The Ericksons assert undue burden as one basis for quashing the subpoena. This basis lacks merit as the subpoena is directed to a nonparty, not the Ericksons. Thus, the Ericksons lack standing to allege the subpoena imposes an undue burden on the nonparty, Dr. Forshey. Further, there appears to be no undue burden as evidenced by Dr. Forshey's apparent agreement to provide the requested documents and travel to Seattle to provide testimony.
The Ericksons also claim that the requested documents and testimony lack any relevance to the instant lawsuit. As previously noted, where relevance is in doubt, the Court should be permissive in allowing discovery.
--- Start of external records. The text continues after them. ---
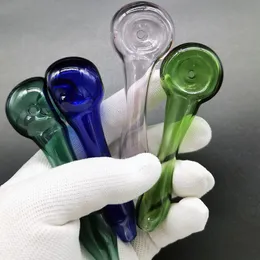 Colorful 4.0inch Glass Oil Burner Pipes Thick Pyrex Spoon Tube For Tobacco Dry Herb Burners Water Bubbler Smoking Hand Pipe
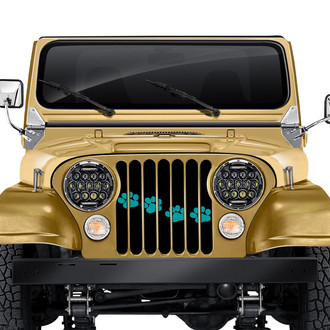 Dirty Acres® - 1-Pc Puppy Paw Prints Style Teal Perforated Main Grille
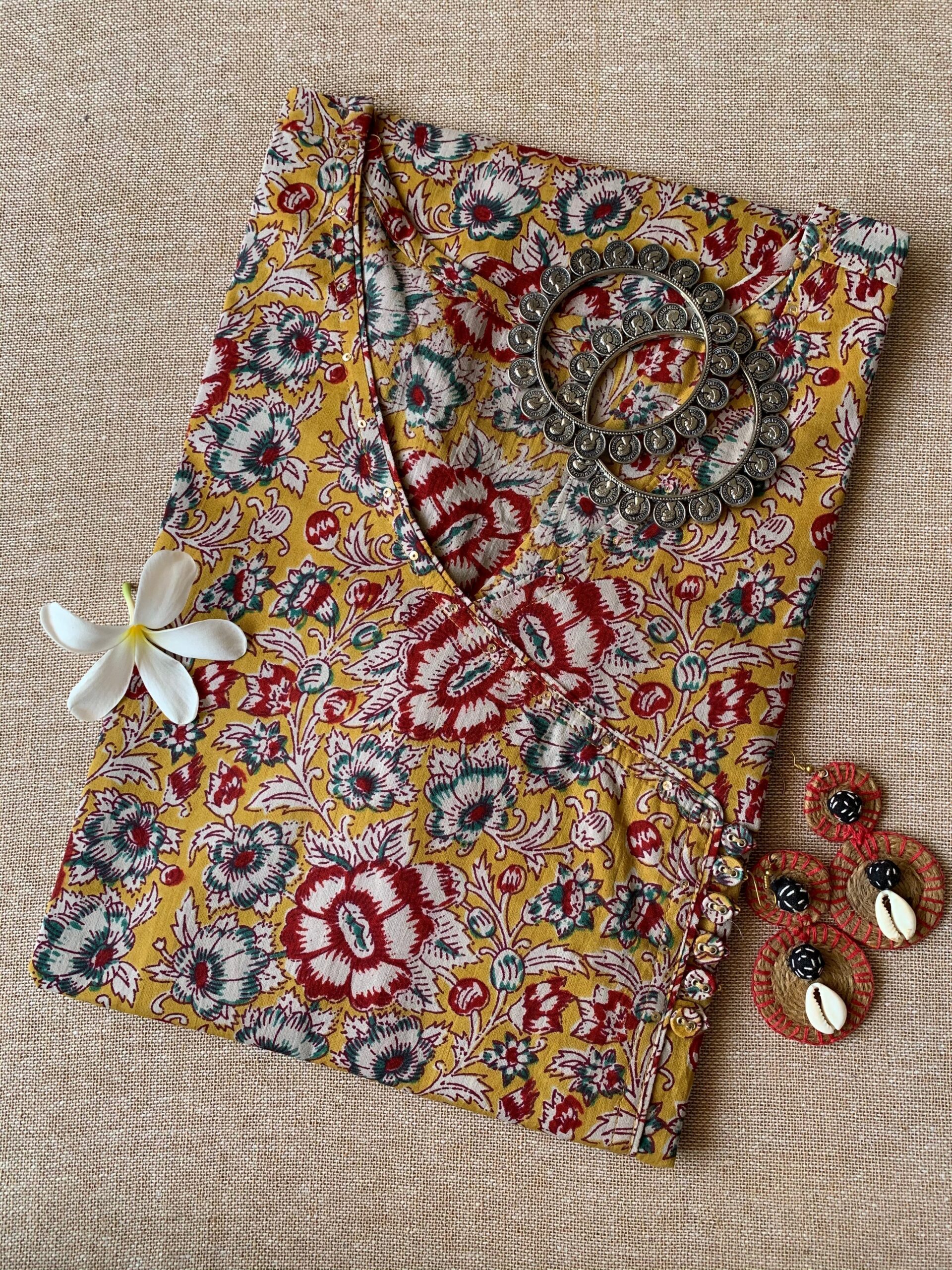 IMG_8874_13e971a1-d717-4a2d-9ff6-cc443d12b0d1-scaled-1.jpg "Bahara" Yellow Angrakha Cotton Kurta(S to 5XL) - Image 1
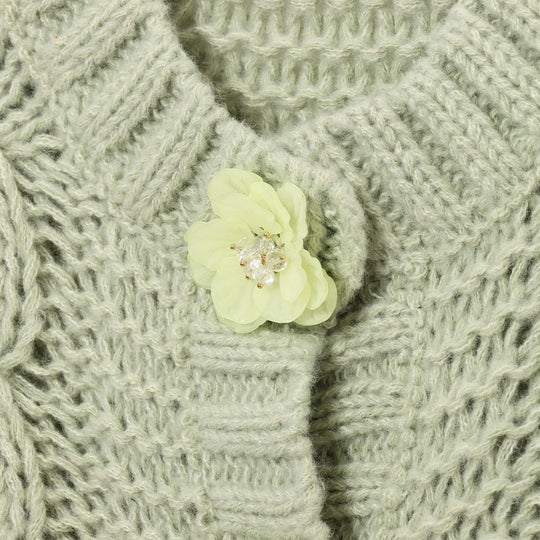 Damen cropped Strickjacke mit floralem Detail R&B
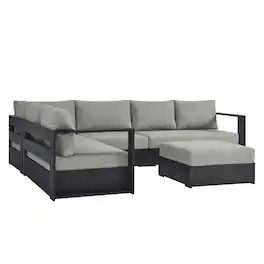 Modway - Tahoe 5-Piece Outdoor Powder-Coated Aluminum Sectional Sofa Set - Gray Gray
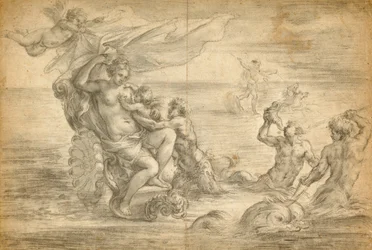 Venus Zittend in haar Zeewagen Zoogt Cupido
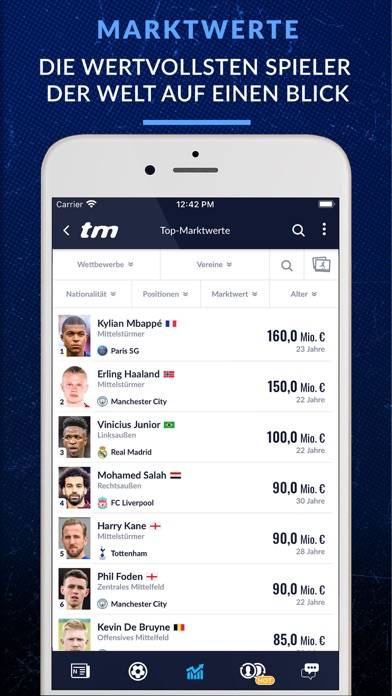 Transfermarkt App-Screenshot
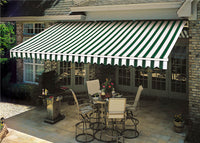 Manual and motorized wind resistance semi-cassette retractable strong awning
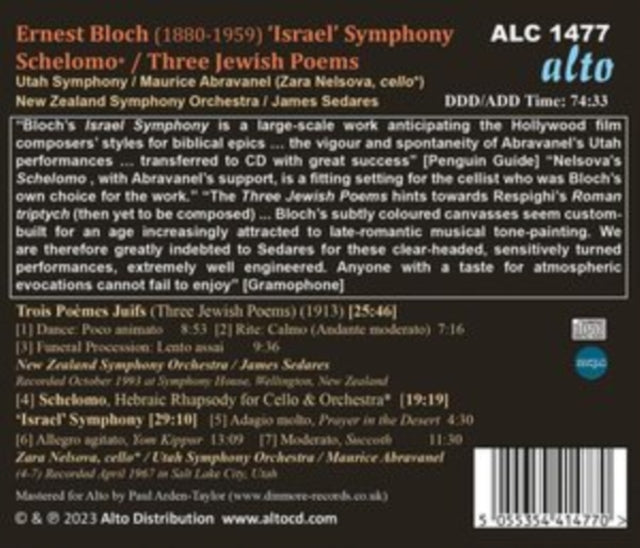 UTAH SYMPHONY ORCHESTRA | ERNEST BLOCH: ISRAEL SYM SCHELOMO (RHAPSODY FOR | CD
Relevant information need not be admissible at the trial if the discovery appears reasonably calculated to lead to the discovery of admissible evidence. One aspect of the Ericksons' case is the alleged loss of the business as a result of Dr. Erickson's hearing loss. As MicroAire points out, the ramifications of the prior litigation with Dr. Forshey may be relevant to providing additional or other reasons for the closing of Dr. Erickson's practice. The Forshey litigation may also be relevant to the loss of reputation in the community, and provide information relevant to the issue of Dr. Erickson's credibility. Accordingly, the Court finds the documents and information sought by Micro Aire are relevant and discoverable.
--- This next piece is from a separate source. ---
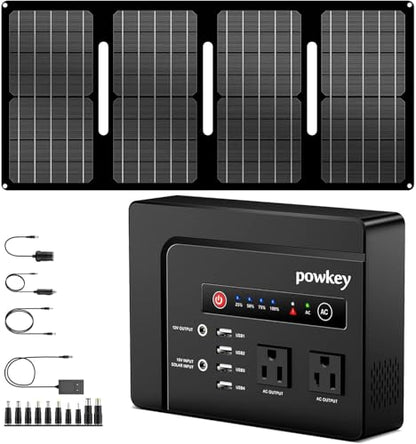 powkey 200W Portable Power Bank with Solar Panel 40W, 146Wh Power Station | Power Bank with AC Outlet 120V, High Eifficiency Waterproof Solar Panel Kit with Battery Bank for Outdoor Camping Home Backup - color: Black Grey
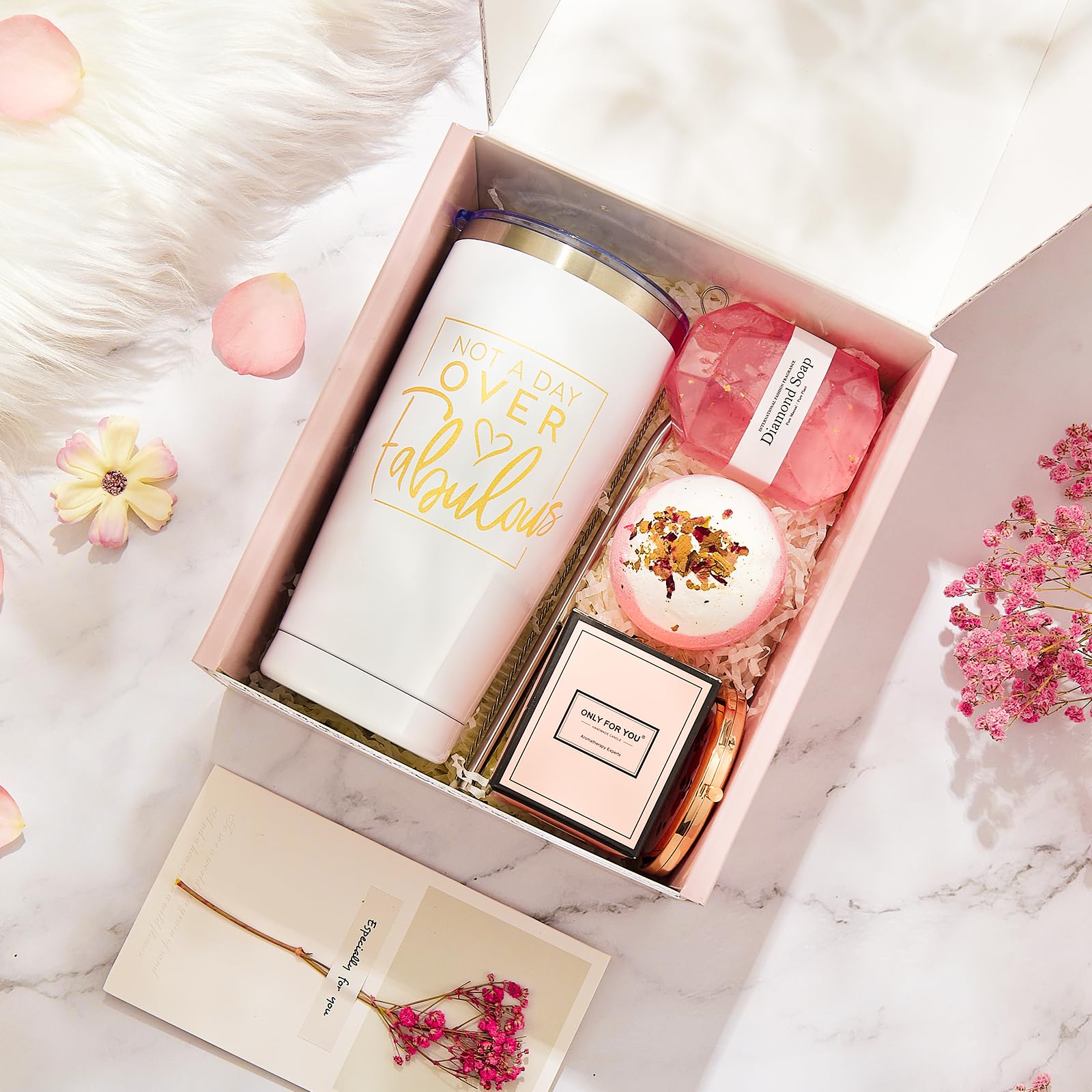 Relaxing Spa Gift Box Set for Women - Birthday Gifts for Mom, Sister & Best Friend | Luxury Self-Care Basket with Bath Bombs, Candles & More | Perfect for Birthdays, Mother's Day & Stress Relief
Finally, to the extent the Ericksons argue that the subpoena should be quashed because it seeks the discovery of information subject to a confidential settlement agreement, the Ericksons have failed to specify the nature of the confidentiality provision to which they refer. MicroAire has not been provided a copy of the confidentiality provision and has not seen the confidentiality provision in the settlement agreement, nor have the Ericksons provided this Court a copy of the purported provision. The party who moves to quash a subpoena has the burden of persuasion.
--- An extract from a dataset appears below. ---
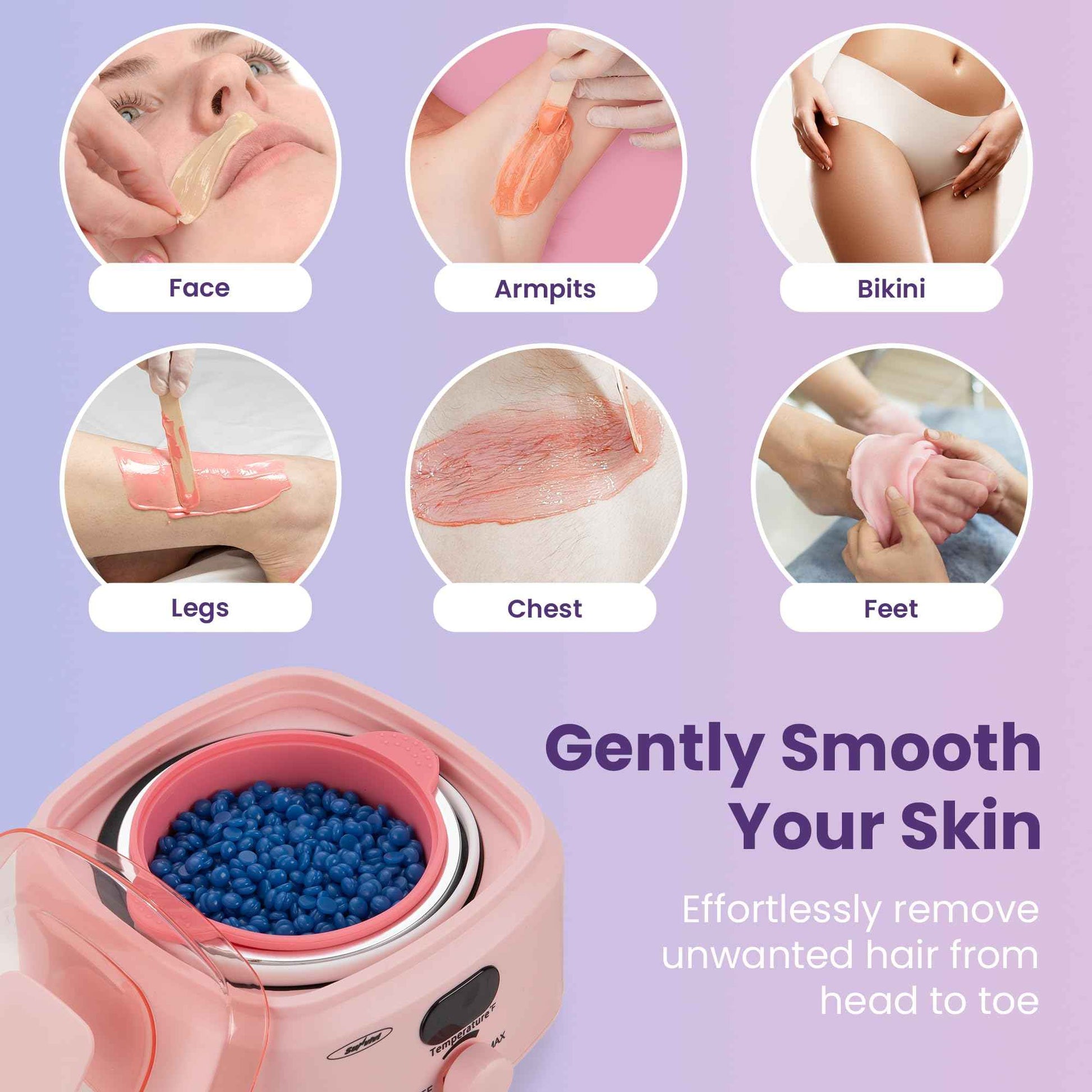 Sunvivi Waxing Kit, Brazilian Wax Warmer for Hair Removal with 5 Bag Hard Wax Beads, Digital Display Melt Warmer Kit for Women Men Full Body, Legs, Face, Bikini,Sensitive skin, Pink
Given that this Court does not know if the confidentiality clause prevents disclosure, the Court directs the Ericksons to produce to MicroAire the confidentiality provision that they claim prevents Dr. Forshey from producing documents or testifying in response to the subpoena, so that MicroAire can evaluate the provision for itself. In the event the provision provides that documents may be produced and testimony given pursuant to a subpoena or court order, then the Ericksons' claim of confidentiality fails.
III. CONCLUSION
The Ericksons have not established that the nonparty subpoena should be quashed on the basis of relevancy of the information sought or the undue burden imposed on the nonparty. The issue of confidentiality of the sought-after information is unresolved, as the Ericksons have failed to provide this Court or MicroAire with a copy of the alleged confidentiality agreement.
IV. ORDER
Accordingly, the motion to quash deposition testimony shall be renoted for May 17, 2010. The Ericksons shall provide to the Court and to MicroAire a copy of the confidentiality provision of the settlement agreement in Jennifer Forshey v. Sound Oral and Maxillofacial Surgery P.S., Case No. C06-5335, on or before May 10, 2010. On or before May 17, 2010, the parties will file simultaneous briefs addressing whether or not the settlement agreement restricts disclosure and, if it does, whether, and upon what terms of protection, the Court should order disclosure.